Eine etwas verrückte, aber unglaublich schöne Tour.
Es gibt Bergtouren, die man niemals wieder vergisst. Unsere Bikepacking Tour hoch zum Rifugio Emilio Questa in den italienischen Seealpen gehört sicherlich dazu. Und das hat mehrere Gründe. Wir sind nicht auf Schusters Rappen unterwegs, sondern mit Mountainbikes im Bikepacking Stil. Ob wir es zum Rifugio hoch am Lago delle Portette in 2388 m Höhe schaffen, wissen wir nicht. Ist uns eigentlich egal, wir müssen nirgendwo ankommen. Und warum Bikepacking und nicht Trekking hat auch seine Gründe. Mehrere Knie OP’s, Knorpelschäden etc. lassen es nicht zu, dass ich mit 20-Kilo-Rucksack oder mehr über die Berge stapfe. Meine Devise: Gepäck lieber rollen als tragen. Und auf Abenteuer verzichten? Auf gar keinen Fall.
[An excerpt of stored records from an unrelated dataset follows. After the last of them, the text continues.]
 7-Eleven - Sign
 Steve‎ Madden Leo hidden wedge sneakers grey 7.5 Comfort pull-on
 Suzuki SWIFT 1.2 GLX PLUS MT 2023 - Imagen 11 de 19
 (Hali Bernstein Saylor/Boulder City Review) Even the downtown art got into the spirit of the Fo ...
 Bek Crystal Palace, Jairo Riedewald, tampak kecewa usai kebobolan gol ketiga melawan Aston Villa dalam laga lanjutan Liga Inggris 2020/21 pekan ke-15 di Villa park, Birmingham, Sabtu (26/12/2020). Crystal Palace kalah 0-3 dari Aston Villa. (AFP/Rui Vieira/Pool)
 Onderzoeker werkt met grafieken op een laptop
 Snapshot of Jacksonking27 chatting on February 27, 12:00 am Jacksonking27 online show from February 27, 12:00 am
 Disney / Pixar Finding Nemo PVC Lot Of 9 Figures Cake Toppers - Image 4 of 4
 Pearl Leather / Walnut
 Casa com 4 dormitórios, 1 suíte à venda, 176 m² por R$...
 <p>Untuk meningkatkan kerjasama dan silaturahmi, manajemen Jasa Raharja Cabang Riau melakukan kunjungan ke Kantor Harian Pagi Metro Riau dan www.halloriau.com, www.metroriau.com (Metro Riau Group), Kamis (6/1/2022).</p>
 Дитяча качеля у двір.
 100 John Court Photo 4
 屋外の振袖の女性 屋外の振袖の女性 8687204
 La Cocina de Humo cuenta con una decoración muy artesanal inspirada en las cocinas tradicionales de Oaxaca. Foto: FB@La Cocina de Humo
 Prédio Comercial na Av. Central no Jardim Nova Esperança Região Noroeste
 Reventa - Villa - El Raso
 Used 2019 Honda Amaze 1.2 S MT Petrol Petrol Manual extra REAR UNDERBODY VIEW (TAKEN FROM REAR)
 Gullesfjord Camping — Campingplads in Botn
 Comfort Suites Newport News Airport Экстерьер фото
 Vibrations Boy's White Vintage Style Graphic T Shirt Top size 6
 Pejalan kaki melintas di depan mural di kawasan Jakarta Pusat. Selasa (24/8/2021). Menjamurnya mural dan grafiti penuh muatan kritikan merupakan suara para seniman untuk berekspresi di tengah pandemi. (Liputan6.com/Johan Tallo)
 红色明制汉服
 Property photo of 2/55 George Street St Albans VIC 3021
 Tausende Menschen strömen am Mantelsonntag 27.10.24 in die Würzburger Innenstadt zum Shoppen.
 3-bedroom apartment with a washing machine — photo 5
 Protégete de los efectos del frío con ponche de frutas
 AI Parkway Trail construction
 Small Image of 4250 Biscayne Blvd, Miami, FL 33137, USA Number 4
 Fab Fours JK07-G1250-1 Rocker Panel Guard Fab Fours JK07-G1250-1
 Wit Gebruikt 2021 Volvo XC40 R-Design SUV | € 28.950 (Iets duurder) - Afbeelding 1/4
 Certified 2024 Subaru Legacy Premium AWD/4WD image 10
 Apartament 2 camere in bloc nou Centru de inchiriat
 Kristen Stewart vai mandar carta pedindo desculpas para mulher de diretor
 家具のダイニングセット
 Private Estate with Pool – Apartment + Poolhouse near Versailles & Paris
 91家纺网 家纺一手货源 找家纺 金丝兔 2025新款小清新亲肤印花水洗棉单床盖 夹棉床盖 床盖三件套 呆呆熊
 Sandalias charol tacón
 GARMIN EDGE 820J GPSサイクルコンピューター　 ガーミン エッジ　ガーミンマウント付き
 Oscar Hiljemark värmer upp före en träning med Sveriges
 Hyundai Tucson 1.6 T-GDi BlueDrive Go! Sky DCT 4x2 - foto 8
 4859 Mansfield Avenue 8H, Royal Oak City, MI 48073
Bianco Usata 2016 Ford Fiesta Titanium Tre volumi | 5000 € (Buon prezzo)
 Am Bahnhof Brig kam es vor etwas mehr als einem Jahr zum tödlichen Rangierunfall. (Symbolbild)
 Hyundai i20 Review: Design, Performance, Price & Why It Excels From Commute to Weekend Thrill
Ein weiterer Grund, die Tour mit dem Mountainbike zu machen, ich wollte mein neu aufgebautes Surly Karate Monkey Mountainbike ohne Federelemente ausgiebig testen und herausfinden, ob alle Komponenten und Anbauteile so funktionieren wie gedacht, wie zum Beispiel die Stromversorgung via Nabendynamo und Spannungsregler. Warum und weshalb sowie Tipps und Tricks gibt es hier.
Wir haben es langsam angehen lassen mit einer kleinen Einführungsrunde am ersten Tag zur Eingewöhnung und Akklimatisation. Und trotzdem wäre unsere Tour beinahe ins Wasser gefallen. Als wir abends, es war stockdunkel und wir hatten keine Stirnlampen dabei, vom Restaurant zurück zu unserer rollenden Unterkunft gehen sind wir etwas übermütig und albern herum. Erich verliert die Balance und stürzt. Dummerweise steht ein Felsbrocken etwas ungünstig im Weg. Ergebnis: eine stark blutende Platzwunde am rechten Stirnlappen, zum Glück oberhalb der Schläfe. Das hätte dumm ausgehen können. Gut, dass wir genügend Mull und Pflaster dabei hatten.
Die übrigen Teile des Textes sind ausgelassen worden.